→ **Entries shown**

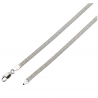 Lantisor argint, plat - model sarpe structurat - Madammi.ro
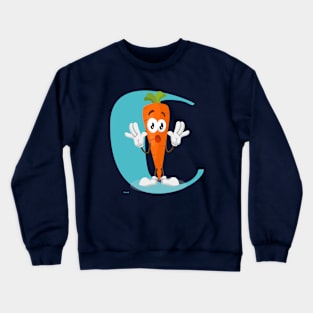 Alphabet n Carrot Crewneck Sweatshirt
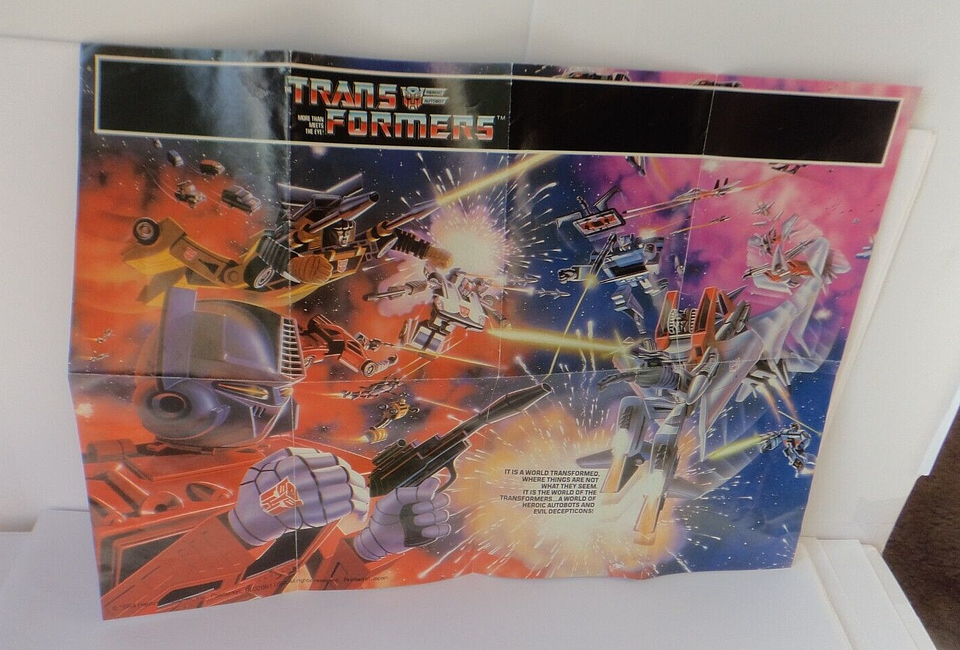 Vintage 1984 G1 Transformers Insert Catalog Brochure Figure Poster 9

--

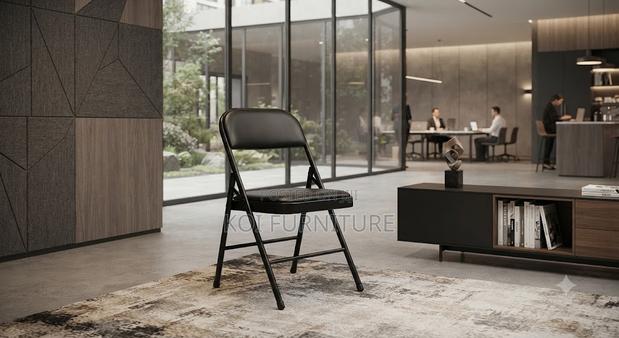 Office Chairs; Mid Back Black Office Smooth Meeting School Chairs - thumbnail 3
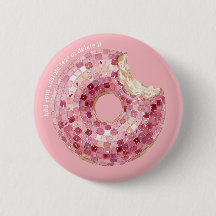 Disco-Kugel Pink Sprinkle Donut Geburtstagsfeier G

→ **The problem**
With pictures excluded, reproduce exactly the lines above from the one containing "Lantisor argint, plat" down to the one containing "Vintage 1984 G1", those two included.

→ **Response to the task**
 Lantisor argint, plat - model sarpe structurat - Madammi.ro
 Alphabet n Carrot Crewneck Sweatshirt
 Vintage 1984 G1 Transformers Insert Catalog Brochure Figure Poster 9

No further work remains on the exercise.